■ **What to produce**
Start at the line below containing "CIPFPMislata's tweet photo." and stop at the line containing "#fp #fpmislata #lossuperpoderesdelafp". Repeat every line of that stretch exactly, and nothing outside it.

■ **Source material**
^^^^^^^^
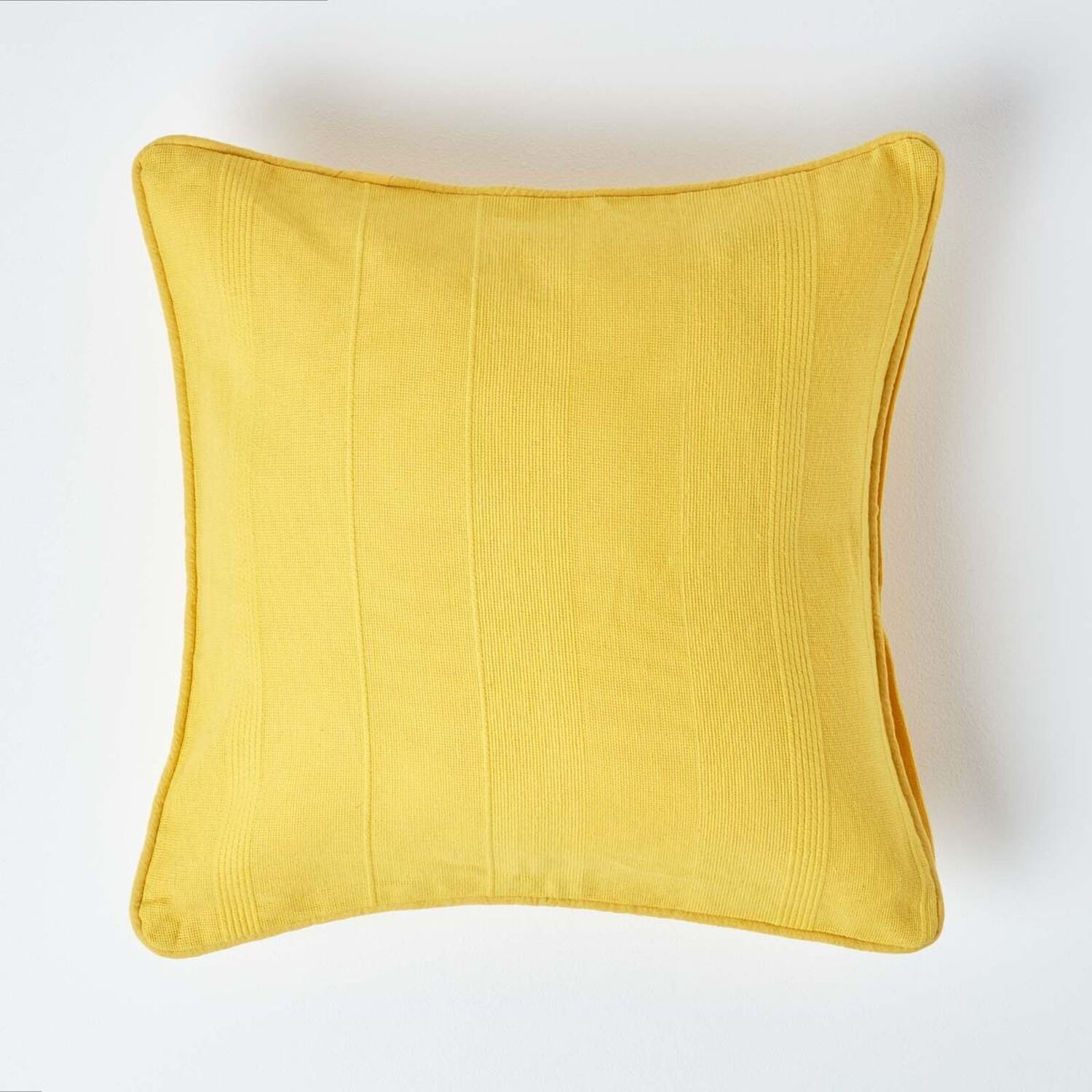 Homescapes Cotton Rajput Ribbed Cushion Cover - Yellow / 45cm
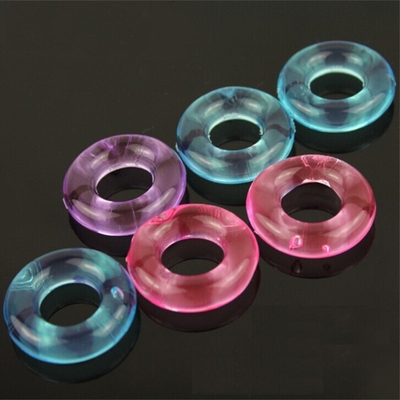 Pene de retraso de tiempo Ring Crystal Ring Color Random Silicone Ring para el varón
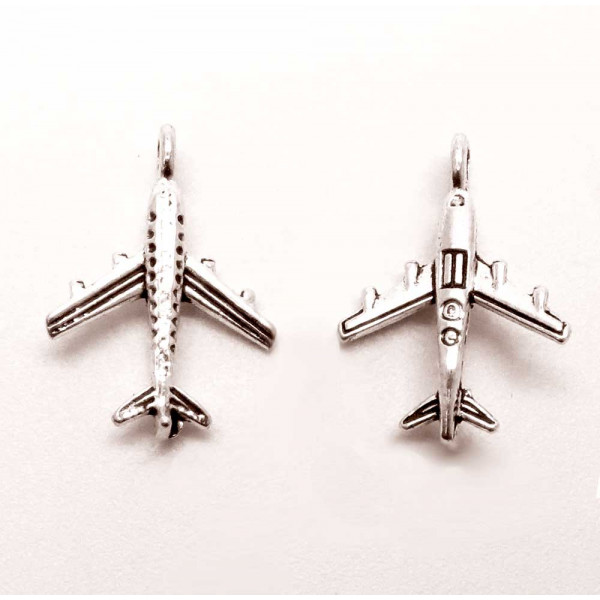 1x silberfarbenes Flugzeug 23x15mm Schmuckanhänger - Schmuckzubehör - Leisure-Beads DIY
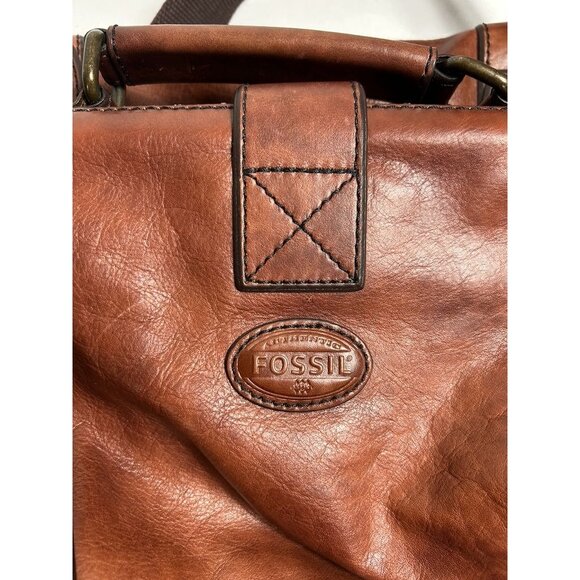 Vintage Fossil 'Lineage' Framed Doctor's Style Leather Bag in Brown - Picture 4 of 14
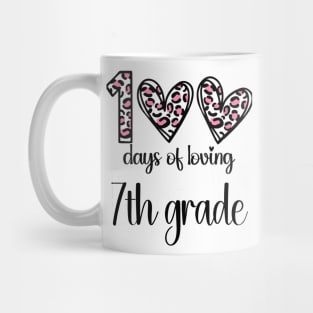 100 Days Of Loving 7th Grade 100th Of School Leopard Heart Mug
^^^^^^^^
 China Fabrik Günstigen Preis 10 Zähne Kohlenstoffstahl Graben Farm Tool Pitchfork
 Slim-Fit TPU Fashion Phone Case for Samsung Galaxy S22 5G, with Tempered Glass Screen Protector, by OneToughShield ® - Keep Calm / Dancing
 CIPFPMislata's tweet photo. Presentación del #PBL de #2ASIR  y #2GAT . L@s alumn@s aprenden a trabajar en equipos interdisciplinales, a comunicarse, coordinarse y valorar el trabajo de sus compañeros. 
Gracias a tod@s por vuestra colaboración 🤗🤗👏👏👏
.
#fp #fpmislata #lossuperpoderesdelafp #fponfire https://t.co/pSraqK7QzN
^^^^^^^^
■ **Response box**
 CIPFPMislata's tweet photo. Presentación del #PBL de #2ASIR  y #2GAT . L@s alumn@s aprenden a trabajar en equipos interdisciplinales, a comunicarse, coordinarse y valorar el trabajo de sus compañeros. 
Gracias a tod@s por vuestra colaboración 🤗🤗👏👏👏
.
#fp #fpmislata #lossuperpoderesdelafp #fponfire https://t.co/pSraqK7QzN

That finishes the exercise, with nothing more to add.